Einen Tag nach dem überstandenen Misstrauensvotum tritt der britische Premierminister Boris Johnson (57) am Dienstagmorgen vor die Kameras. Nur wenige Stunden zuvor haben ihm 211 Abgeordnete seiner Tory-Partei das Vertrauen ausgesprochen. Damit ist klar: Johnson bleibt Premierminister – zumindest vorerst.
Johnson spricht von einem «Schlussstrich», will die Partygate-Affäre hinter sich lassen und nach vorne schauen. «Aber so einfach ist das nicht. Johnson ist massivst geschwächt», sagt Grossbritannien-Experte Gerhard Dannemann (63) vom Centre for British Studies in Berlin. «Die symbolträchtige Zahl von 100 Abgeordneten gegen Johnson war eine erste Grenze. Jetzt waren es sogar 148 Abgeordnete. Das ist ein historisch schlechter Wert.»

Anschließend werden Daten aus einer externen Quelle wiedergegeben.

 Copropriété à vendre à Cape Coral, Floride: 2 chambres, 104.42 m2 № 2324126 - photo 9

Heftige Niederlage bei Nachwahlen?
41 Prozent seiner eigenen Leute hätten ihm das Misstrauen ausgesprochen. Damit sei klar, so Dannemann, dass Johnson nicht mehr automatisch auf eine Mehrheit im Parlament zählen könne. «Es wird sehr schwierig für ihn, weiterhin vernünftig zu regieren.» In den kommenden Monaten stünden schwierige Entscheide an, unter anderem würden Steuererhöhungen diskutiert. «Die Meinungen innerhalb der Partei sind sehr unterschiedlich. Wie Johnson die Partei jetzt einen will, ist unklar.»
Auch für den britischen Journalisten Grahame Lucas ist klar: «Johnson steht mit dem Rücken zur Wand.» In der Vergangenheit habe es immer wieder Misstrauensvoten gegeben, beispielsweise bei John Major, Margaret Thatcher oder zuletzt bei Theresa May. «Der Ausgang war immer gleich: Die Premierminister haben zwar die Misstrauensvoten gewonnen, mussten aber nach einer mehr oder weniger kurzen Zeit dennoch zurücktreten.» Major trat zwar nicht zurück, war aber sehr geschwächt und verlor dadurch die nächste Wahl.

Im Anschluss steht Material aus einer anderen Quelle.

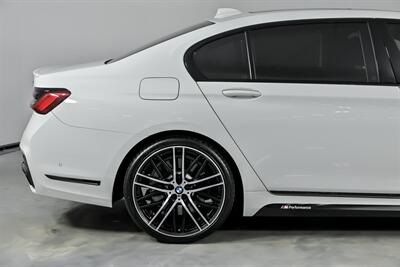 2020 BMW 750i xDrive - Photo 13 - Joliet, IL 60435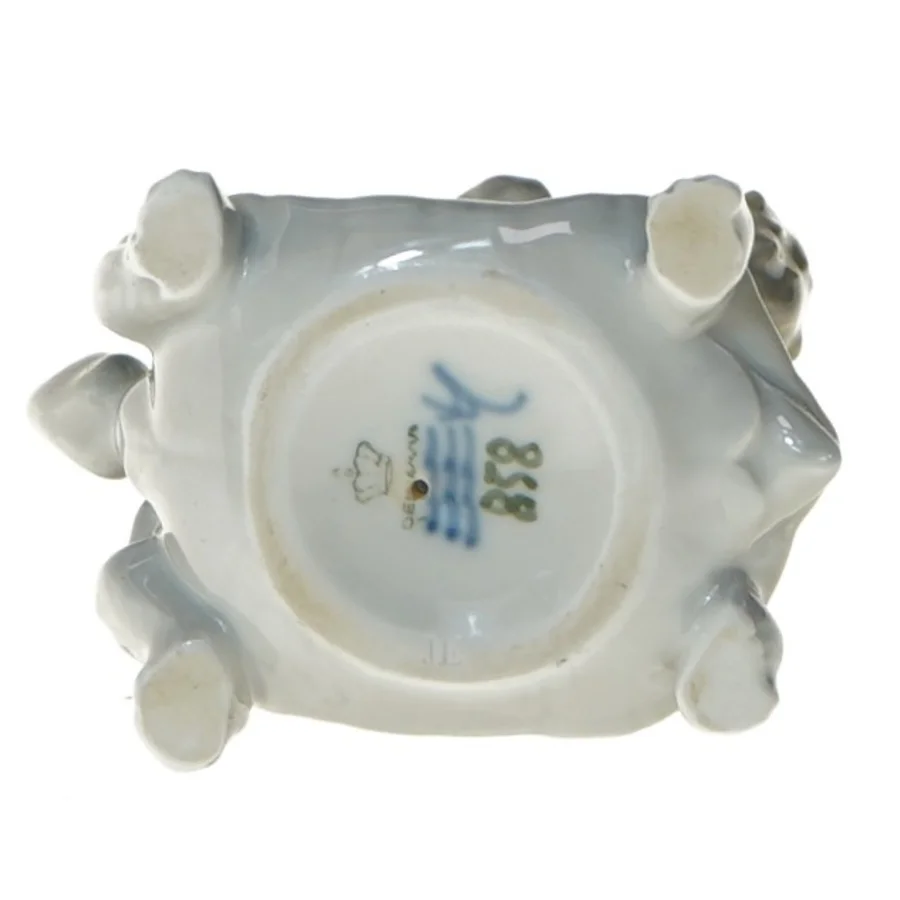 Porcelænsfigur af faun på skildpadde fra Royal Copenhagen (str. 10 cm)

In zwei britischen Wahlkreisen stehen noch Nachwahlen an. Experten rechnen damit, dass die Konservative Partei Johnsons in beiden Kreisen eine Niederlage einfahren wird. Das könnte auch eine klare Signalwirkung auf das politische Geschehen haben. «Sollte Johnson beide Wahlkreise verlieren, wäre das eine Katastrophe. Der Kreis Wakefield beispielsweise ist ein traditioneller Labour-Sitz und wurde erst 2019 von Johnson erobert. Nun dürfte Labour den Sitz zurückerobern. Tiverton im Südwesten hingegen wählt traditionell Tory. Wenn Johnson den Kreis nun auch verliert, wäre das eine Katastrophe!», sagt Lucas.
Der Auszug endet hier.